Review by Booklist Review
Diaz follows her stellar debut, When My Brother Was an Aztec (2012), with another groundbreaking collection. Diaz's electrifying poems buzz with erotic energy in lines that whisper privately to a lover ("Imparadise me.") but also confront intensely complicated notions of attraction, often framed against this country's ongoing imperialism: "an American drone finds then loves / a body." Throughout, Diaz paints vivid landscapes, from the intimate, "middle-night cosmography of your moving hands" to the linguistic cartography of "Manhattan Is a Lenape Word." As in her previous book, the speaker's brother appears, as do other relations from her Mojave community, most notably in a series of prose reflections on the importance of basketball to reservation life: "Only a tribal kid's shot has an arc made of sky." Entire dissertations could be written about Diaz's uses of light and color in this book's lithe lyrics, from the exacting, evocative imagery ("My brothers' bullet is dressed / for a red carpet / in a copper jacket") to the book's many corporal illuminations: "Blood-Light," "Skin-Light," "Snake-Light." An unparalleled lyric work, with one of the sexiest lines of poetry ever penned, "in the kitchen of your hips, let me eat cake."
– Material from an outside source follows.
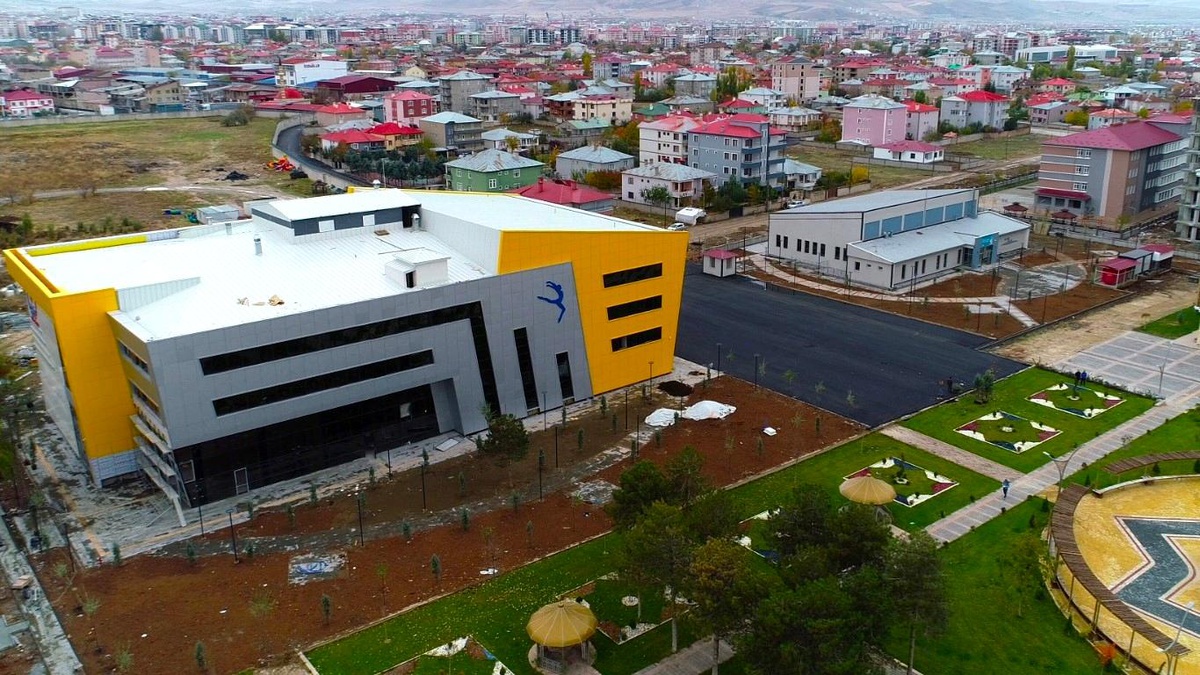 Tuşba Belediyesi, spor tesislerini belirlenen süreden 6 ay önce tamamladı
From Booklist, Copyright (c) American Library Association. Used with permission.
Review by Publisher's Weekly Review
In this exquisite, electrifying collection, Diaz (When My Brother Was an Aztec) studies the body through desire and the preservation of Native American lives and cultures, suggesting that to exist as a Native in a world with a history of colonization and genocide is itself a form of protest and celebration. She explores this idea in "The First Water Is the Body," cataloguing the destruction of this invaluable resource by those who seek to protect it: "in the U.S., we are tear-gassing and rubber-bulleting and kenneling natives trying to protect their water from pollution and contamination at Standing Rock." But it's desire, both in its erotic form and as present in the will to assimilate, that drives the book: "Like any desert, I learn myself by what's desired of me--/ and I am demoned by those desires." "These Hands, If Not Gods" opens with a stunning lyrical address to a lover: "Haven't they moved like rivers--/ like glory, like light--/ over the seven days of your body?" The elegiac "Grief Work" closes the book with a meditation on longing: "my melancholy is hoofed./ I, the terrible beautiful// Lampon, a shining devour-horse tethered at the bronze manger of her collarbones." Diaz continues to demonstrate her masterful use of language while reinventing narratives about desire. (Mar.)